Most museum visitors don’t realize that the institutions they are visiting exhibit only about 15% of their overall collection, the rest lies below your feet in storage. So it is no surprise that the National Geographic Society has followed this example with what has been described as a “secret” museum below the streets of NW Washington, DC.
“For many years,” Randy Kennedy writes, “there has been a kind of secret museum of photography under the streets of northwest Washington — an immense, windowless, climate-controlled archive with roots reaching back more than a century.”
Equally exciting is the news that the works will be sold.
“The pictures comprise the archive of the National Geographic Society, and it was this sentiment said Mr. Bonner, the society’s archivist, that motivated him and officials there to explore the idea of opening up the holdings to the fine-art market for the first time. National Geographic’s goal is to find private and institutional collectors for the vintage black-and-white prints and later color images.”

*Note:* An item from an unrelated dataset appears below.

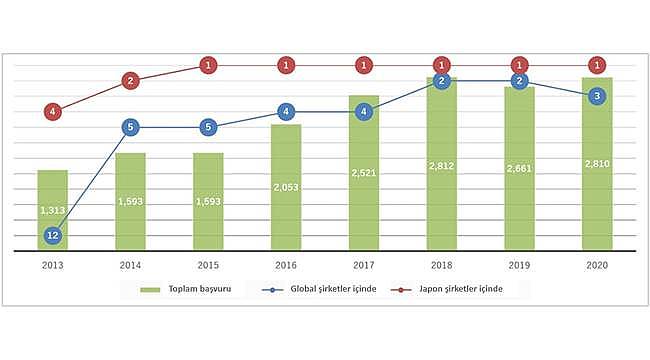 Mitsubishi Electric: 2020 yılı Uluslararası Patent...
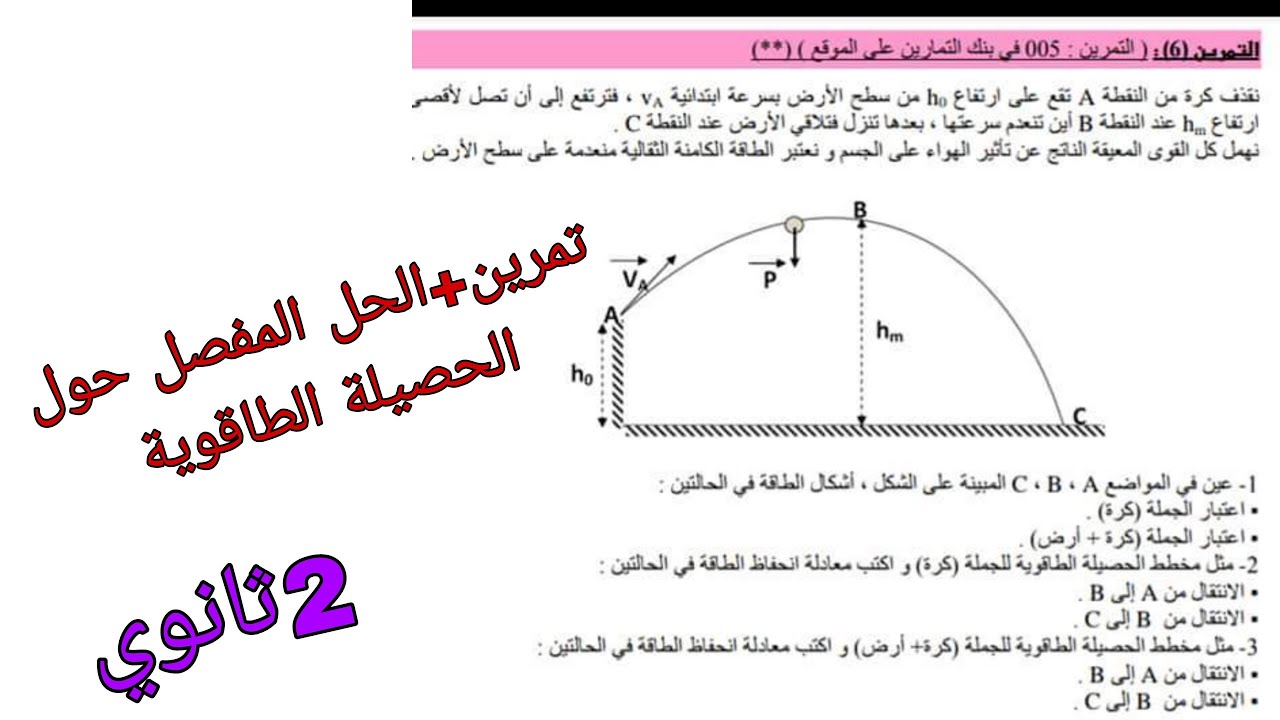 تمرين مع الحل المفصل حول الحصيلة الطاقوية _المقاربة لكيفية طاقة جملة وانحفاظها ثانية ثانوي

I wish for the NGS’s sake that someone would have thought of this in 2006-2007, but I always applaud new material on the market – there has got to be some exciting sleepers for the niche photojournalism market.
Thank you NYTimes Art & Design: Treasures From an Underground Trove and I’m curious if we’ll be able to preview some of the rare works during Fotoweek DC before they are shipped off to Chelsea? Perhaps it would be a good marketing tool and would increase the chances of keeping some of these treasures in DC-based collections?